Gerry Hickman wrote:
Edward wrote:
I have noticed increased memory usage with SeaMonkey, using the Fedora-supplied package, when listening to music either through YouTube or a web site, after it's been running for a while.

This could actually be something Linux is doing relating to the usage of memory, because I have seen the exact same issue occur with other web browsers, not just SeaMonkey. After a while, the Swap partition becomes active, then there is a noticeable slowdown of the system.

Which Fedora Supplied package and which o/s distro, version?

On Linux, you should quickly be able to see who is using what, for example using "System Monitor" and then go to "Processes", sort by Memory with highest at the top.

You should see SeaMonkey at abnout 300MiB

Note the value from a cold start, then time how long before it reaches the value that you are concerned about.
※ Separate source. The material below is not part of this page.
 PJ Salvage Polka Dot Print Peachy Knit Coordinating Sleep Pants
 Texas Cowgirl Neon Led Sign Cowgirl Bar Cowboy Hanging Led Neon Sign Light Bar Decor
It's unlikely listening to music would cause this, but the word "youtube" rings alarm bells as it's not "music", it's running hundreds of horrible JavaScripts launching hundreds of adverts and attacking your computer.

If you think it's music, trace the URL to the real music file (or stream) and run the same test again (outside of youtube).

I didn't even know youtube had music, I thought it was video.

Fedora 32, x86_64: seamonkey-2.53.3-3.fc32.x86_64

PID USER PR NI VIRT RES SHR S %CPU %MEM TIME+ COMMAND 4766 edward 20 0 3463452 625444 174552 S 2.7 16.6 7:08.80 seamonk+

The above is from 'top' as of right now. As I am not on YouTube right now and Swap isn't being used, there is /currently/ no slowdown in performance.

YouTube also has music. Some individual tracks from albums will also display a static video, it's usually the album cover for the duration of the track.


--
Netscape -> Mozilla Suite -> SeaMonkey. User, since 1997.